● THE TASK:
If a line below includes the string "show", copy it.

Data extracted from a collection
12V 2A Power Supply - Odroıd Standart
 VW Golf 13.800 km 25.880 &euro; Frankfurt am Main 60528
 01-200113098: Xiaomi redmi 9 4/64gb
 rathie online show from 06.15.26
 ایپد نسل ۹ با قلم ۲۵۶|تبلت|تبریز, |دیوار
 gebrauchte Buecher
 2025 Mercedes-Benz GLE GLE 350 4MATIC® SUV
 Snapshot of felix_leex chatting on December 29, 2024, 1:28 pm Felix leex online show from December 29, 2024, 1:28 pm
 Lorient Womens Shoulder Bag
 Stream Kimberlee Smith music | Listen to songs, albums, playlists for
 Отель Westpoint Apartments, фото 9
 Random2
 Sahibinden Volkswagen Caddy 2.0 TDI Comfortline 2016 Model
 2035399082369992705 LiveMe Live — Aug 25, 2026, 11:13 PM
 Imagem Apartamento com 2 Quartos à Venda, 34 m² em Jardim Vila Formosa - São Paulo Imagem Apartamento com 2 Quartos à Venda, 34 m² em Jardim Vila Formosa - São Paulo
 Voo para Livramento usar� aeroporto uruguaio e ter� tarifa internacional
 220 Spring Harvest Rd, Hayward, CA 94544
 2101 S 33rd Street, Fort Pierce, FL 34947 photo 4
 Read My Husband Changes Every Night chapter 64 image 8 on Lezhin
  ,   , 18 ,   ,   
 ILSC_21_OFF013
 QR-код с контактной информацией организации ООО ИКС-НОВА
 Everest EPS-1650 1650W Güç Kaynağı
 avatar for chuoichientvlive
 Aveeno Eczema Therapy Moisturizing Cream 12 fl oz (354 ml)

● EXPECTED OUTPUT:
 rathie online show from 06.15.26
 Snapshot of felix_leex chatting on December 29, 2024, 1:28 pm Felix leex online show from December 29, 2024, 1:28 pm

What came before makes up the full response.